El presidente de la ANR, el ex presidente de la República Horacio Cartes, señaló durante su discurso: “Al leerle a Mallorquín y pensando en nuestros fundadores, ratifico mi convencimiento de que la Asociación Nacional Republicana, Partido Colorado, es la herramienta con la que cuenta el pueblo paraguayo para que sus necesidades sean escuchadas y satisfechas, para que sus sueños sean realizados basados en el espíritu de servicio que nos caracteriza a todos los colorados de bien”.

Esa es una mentira, que repetida cientos de veces termina convenciendo a las multitudes.
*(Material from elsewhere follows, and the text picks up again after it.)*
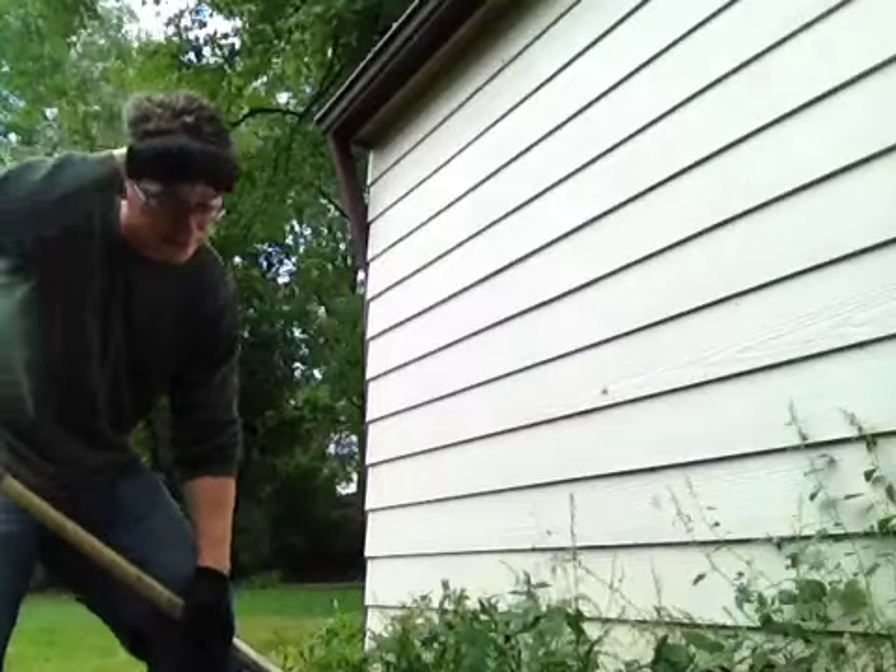Wow, you know yard work really can be tough. Don't overdo it. If you need a break, get out of the sun, take it inside, have a glass of water, maybe even a short power nap.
En realidad es el Estado a través de sus instituciones el que se encarga de satisfacer las necesidades del pueblo; lo hace además –y esto es muy importante– con los recursos que provienen de un Presupuesto de Gastos de la Nación financiado con los impuestos que paga el mismo pueblo paraguayo. Es un malicioso error hacer creer que es el partido el que satisface necesidades y resuelve problemas. Esto tiene que ver además con la captura de las instituciones del Estado por parte de la Asociación Nacional Republicana, ANR, Partido Colorado, y ha sido uno de los pilares de la dictadura de Alfredo Stroessner, y particularmente la identificación del partido con el gobierno es uno de los obstáculos que no hemos logrado superar.

Desde aquí se proyectan asimismo el clientelismo y el prebendarismo, una receta que los mantiene en el poder desde hace siete décadas. Y así, mientras se adjudican la exclusividad en el manejo del Estado, en el país se fueron acumulando las deudas sociales. En primer lugar se deben mencionar la salud pública universal y los altos niveles de pobreza y desigualdad, y sin salud pública la población se ve obligada a recurrir a la solidaridad de las rifas y las polladas.

Hace un par de años se publicó un ránking de las mejores democracias de la región, trabajo elaborado por The Economist, y Paraguay tuvo una pésima calificación, siendo ubicado entre los países con democracias defectuosas. Con esto queda claro que son precisamente esos países donde más rápidamente han crecido instituciones de la mafia.

Todas estas deudas deben ser saldadas. Pero, la más importante amenaza a nuestra democracia actualmente son la corrupción y la impunidad; así como también haber permitido que nuestras instituciones hayan podido ser infiltradas por la mafia, el narcotráfico y el crimen organizado.

Pocos días después de haber ganado las elecciones del 30 de abril, Santiago Peña, en una entrevista en un programa de televisión, ratificó que su Gabinete iba a estar compuesto por técnicos con identidad política colorada, enfatizando además que estos iban a ser del movimiento Honor Colorado. Este tipo de actitudes antidemocráticas son las que generan preocupación cuando se considera que este país no logrará fortalecer el estado de derecho.

Sin una democratización del Partido Colorado, como principal fuerza política, no podremos profundizar este proceso en el país. Es hora de que este partido deje de excluir y se comprometa con los valores esenciales de la democracia, y que se gobierne para todos los paraguayos.